Another problem contributing to the reputation issues, Grove continued, is that banking has made itself incredibly complex. “We love an acronym, we love a complicated term and we saw how that played out in the crisis, right, where a lot of people simply didn’t understand those underlying vehicles. I think what the marketing team have really tried to push in the last couple of years is really simplfying the language around what we do.”

In the name of such simplification, State Street recently ran a series on regulation, in which it explained the key concepts using emojis. “That might seem a bit tongue in cheek, but the message we’re sending there is that we want to make it more accessible,” claimed Grove. Millennials—State Street's future clients—will, Grove hopes, be the key recipients of this message. Gone are the long white papers of old; communications with this generation now consist of “snackable content” and “a lot more personalisation”. "That, I think, is what millenials expect because in their personal lives everything is customised and personalised," said Grove. 

Beyond this, if banking ultimately wants to become more popular it needs to stop talking about itself. “We love talking about how fabulous we are, how big we are and all of our achievements as companies, and that’s not what we as underlying consumers want to hear. We want to hear about how you can help us. So we’ve also worked very hard to shift the dialogue around State Street so we’re not talking about ourselves all the time but what our clients need, what are their challenges and how can we solve those challenges.”

Marketing is in a stronger place to do this than it has been in the past now that is it less channel-specific and integrated more holistically into the company. Grove is currently leveraging this more powerful position to boost State Street’s involvement in a wide range of environmental, social and governance (ESG) concerns, which she defines as “everything from gender to climate to supply chains to safety to water”.

“We’re seeing a growing appetite for ESG,” she said, speaking of the bank’s client base. “I think where it comes from is that all of us want to be aligned to a purpose, and ESG is such a brilliant platform for that.”

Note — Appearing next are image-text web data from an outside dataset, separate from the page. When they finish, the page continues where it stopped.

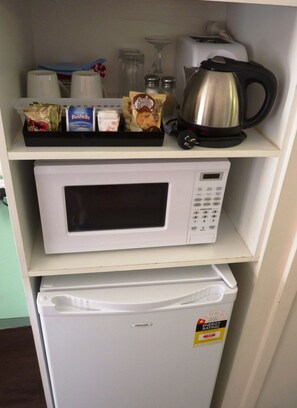 Una kitchenette equipada con microondas, tostadora, tetera y diversos alimentos en la estantería.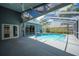 A serene view of the backyard pool with a screened lanai, perfect for relaxation at 4761 Stoneview Cir, Oldsmar, FL 34677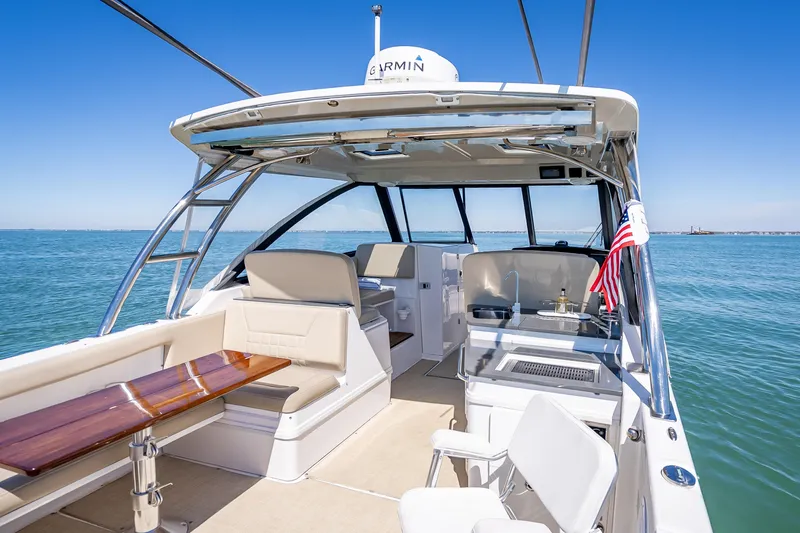 Slide: The Image of 2019 Everglades 340 Dual Console boat interior with seating and ocean view. - 47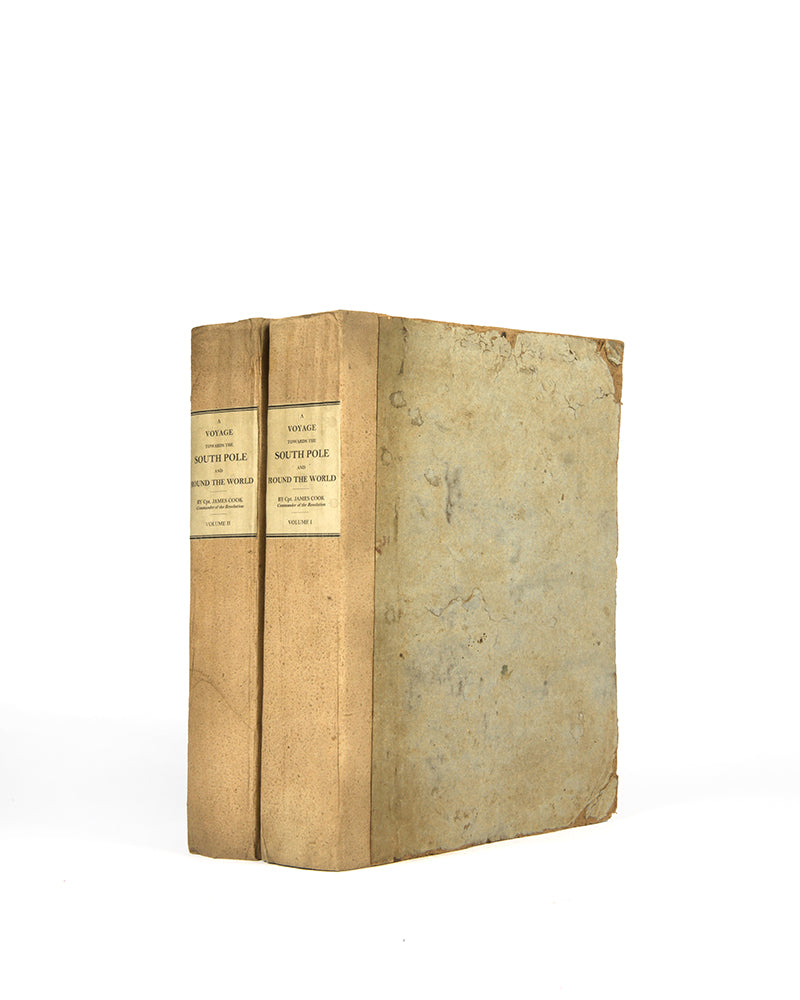 First edition of Cook's A Voyage towards the South Pole, the first to cross the Antarctic Circle, in the rare original boards and the maps and plates uncut.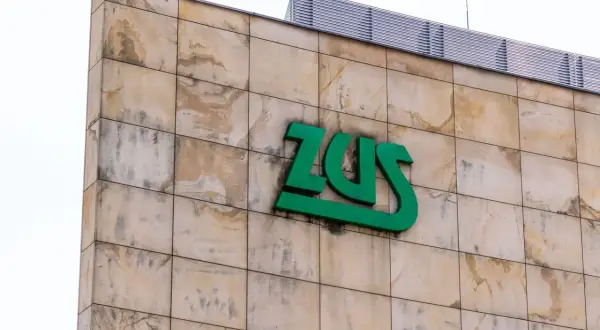 Zielone logo ZUS na beżowej, kamiennej elewacji budynku.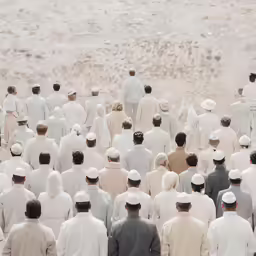 a group of people standing in front of sand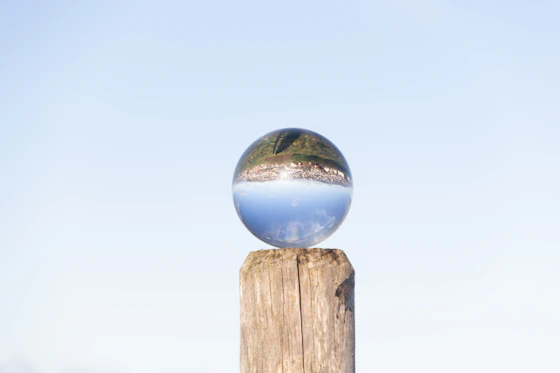 A serene crystal ball glowing softly on a wooden table.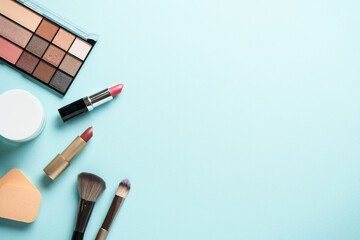 Make up products on blue background.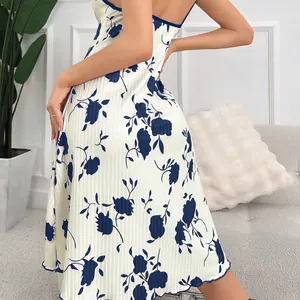 Floral print camisole sleepwear dress with ruched texture shown from a side view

Where in the past ESG strategy in Asia has focused on the exclusion of so-called “sin stocks”, such as tobacco and alcohol, Grove sees a huge opportunity in this region to boost more active engagement in ESG funds. “I think there’s great awareness but there’s less understanding of how to engage,” she said. “That’s where education comes in because there are some myths and I think, by the way, that the media plays a very important role there.”

Internal education is just as critical, she agrees. Are State Street employees receptive to ESG messages? More work is needed, Grove admitted. “I think the short answer is yes, employees will listen, but the challenge for us as marketers is that our brains are wired for stories, not facts. So you can’t bombard people with ‘eight facts you need to know about ESG’. It needs to be much more about storytelling.”

At the moment, the four-foot high Fearless Girl appears to be doing a better job of this today than many a banking marketing campaign in the past. And she may yet bring her messages to Asia, says Grove: “She has a passport and she will travel. Girl on the road? No question.”